17 282 905 adults were included, of whom 27 480 (0·16%) had HIV recorded. People living with HIV were more likely to be male, of Black ethnicity, and from a more deprived geographical area than the general population. 14 882 COVID-19 deaths occurred during the study period, with 25 among people with HIV. People living with HIV had higher risk of COVID-19 death than those without HIV after adjusting for age and sex: hazard ratio (HR) 2·90 (95% CI 1·96-4·30; p<0·0001).
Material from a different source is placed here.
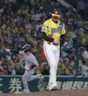 １０回、小浜に勝ち越し２ランを浴びた岩崎（撮影・西田忠信）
The association was attenuated, but risk remained high, after adjustment for deprivation, ethnicity, smoking and obesity: adjusted HR 2·59 (95% CI 1·74-3·84; p<0·0001). There was some evidence that the association was larger among people of Black ethnicity: HR 4·31 (95% CI 2·42-7·65) versus 1·84 (1·03-3·26) in non-Black individuals (p-interaction=0·044).
People with HIV in the UK seem to be at increased risk of COVID-19 mortality. Targeted policies should be considered to address this raised risk as the pandemic response evolves.
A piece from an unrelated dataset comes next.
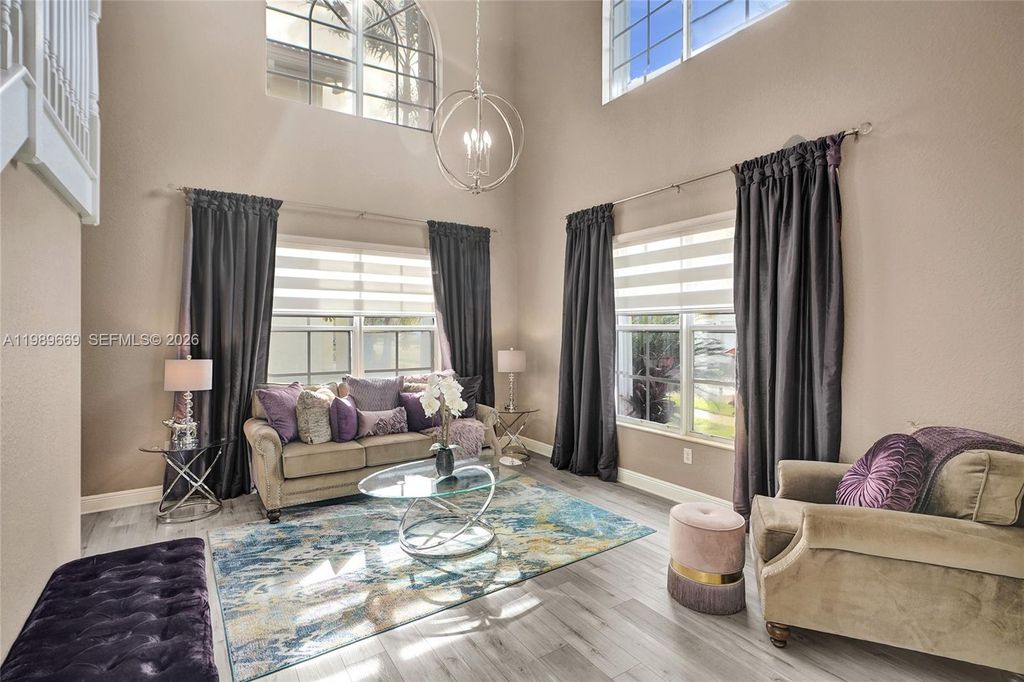 Image 12 of property listing at 17713 SW 47th St, Miramar, FL 33029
Wellcome, Royal Society, National Institute for Health Research, National Institute for Health Research Oxford Biomedical Research Centre, UK Medical Research Council, Health Data Research UK.
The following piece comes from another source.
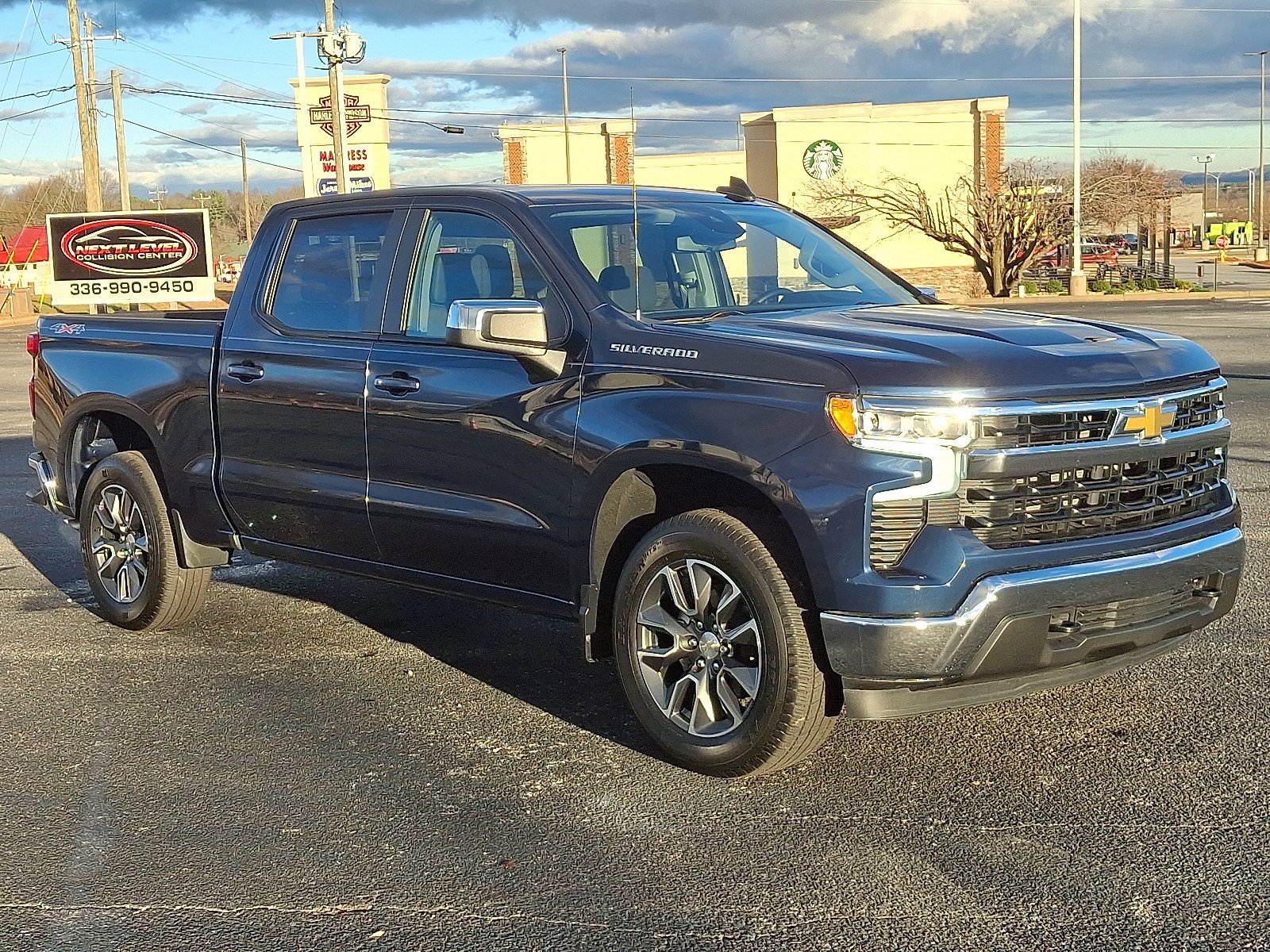 2023 Chevrolet Silverado 1500 LT's photo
HIV 感染是否与 COVID-19 死亡风险相关尚不清楚。我们旨在通过在英格兰的一项大规模基于人群的研究中对此进行研究。
我们进行了回顾性队列研究。代表 NHS 英格兰,我们使用 OpenSAFELY 平台分析了与国家死亡登记相关的常规收集的电子初级保健数据。我们纳入了所有在 2020 年 2 月 1 日存活且正在随访的成年人(年龄≥18 岁),并且在此日期之前至少有 1 年的全科医生连续登记。有初级保健记录的 HIV 感染者与没有 HIV 的人进行了比较。COVID-19 死亡的结局定义为死亡证明上存在国际疾病分类第 10 编码 U07.1 或 U07.2。Cox 回归模型用于估计 HIV 感染与 COVID-19 死亡之间的关联;最初按年龄和性别进行调整,然后按多个剥夺指数和种族进行调整,然后按广泛的合并症进行调整。添加交互项以评估年龄、性别、种族、合并症和日历时间的效应修饰。
纳入了 17282905 名成年人,其中 27480 人(0.16%)有 HIV 记录。与一般人群相比,HIV 感染者更有可能是男性、黑人,并且来自较贫困的地区。在研究期间发生了 14882 例 COVID-19 死亡,其中 25 例发生在 HIV 感染者中。与没有 HIV 的人相比,HIV 感染者在调整年龄和性别后 COVID-19 死亡的风险更高:风险比(HR)为 2.90(95%CI 1.96-4.30;p<0.0001)。在调整剥夺程度、种族、吸烟和肥胖后,关联减弱,但风险仍然很高:调整后的 HR 为 2.59(95%CI 1.74-3.84;p<0.0001)。有一些证据表明,这种关联在黑人中更大:HR 为 4.31(95%CI 2.42-7.65),而非黑人中为 1.84(1.03-3.26)(p 交互=0.044)。
英国的 HIV 感染者似乎 COVID-19 死亡率更高。随着大流行应对措施的发展,应考虑制定有针对性的政策来解决这一高风险问题。
惠康基金会、皇家学会、英国国家卫生研究院、英国国家卫生研究院牛津生物医学研究中心、英国医学研究理事会、英国健康数据研究中心。